● DIRECTIONS:
Under this line sits a listing. Repeat exactly and only its lines from the one holding "Chinese Belgium Design" through the one holding "Elvis Presley 01"; skip pictures.

● INFORMATION PROVIDED:
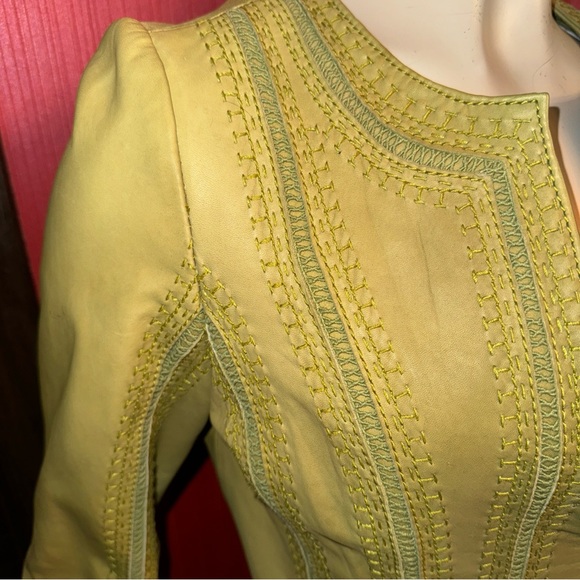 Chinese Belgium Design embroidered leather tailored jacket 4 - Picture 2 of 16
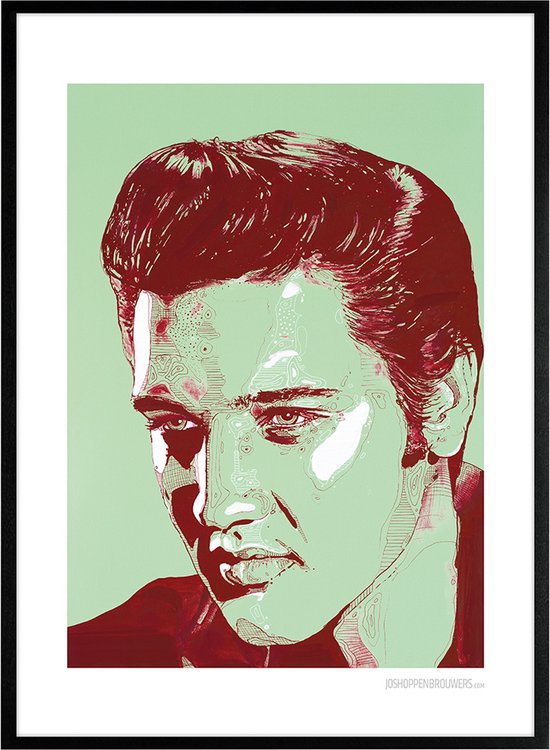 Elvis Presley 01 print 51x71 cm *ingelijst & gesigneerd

...

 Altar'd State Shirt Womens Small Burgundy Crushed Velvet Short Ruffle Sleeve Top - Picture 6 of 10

...

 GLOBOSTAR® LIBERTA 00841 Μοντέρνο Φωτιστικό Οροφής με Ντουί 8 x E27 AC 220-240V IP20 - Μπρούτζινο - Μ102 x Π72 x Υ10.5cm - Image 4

● ANSWER TO THIS PROBLEM:
 Chinese Belgium Design embroidered leather tailored jacket 4 - Picture 2 of 16
 Elvis Presley 01 print 51x71 cm *ingelijst & gesigneerd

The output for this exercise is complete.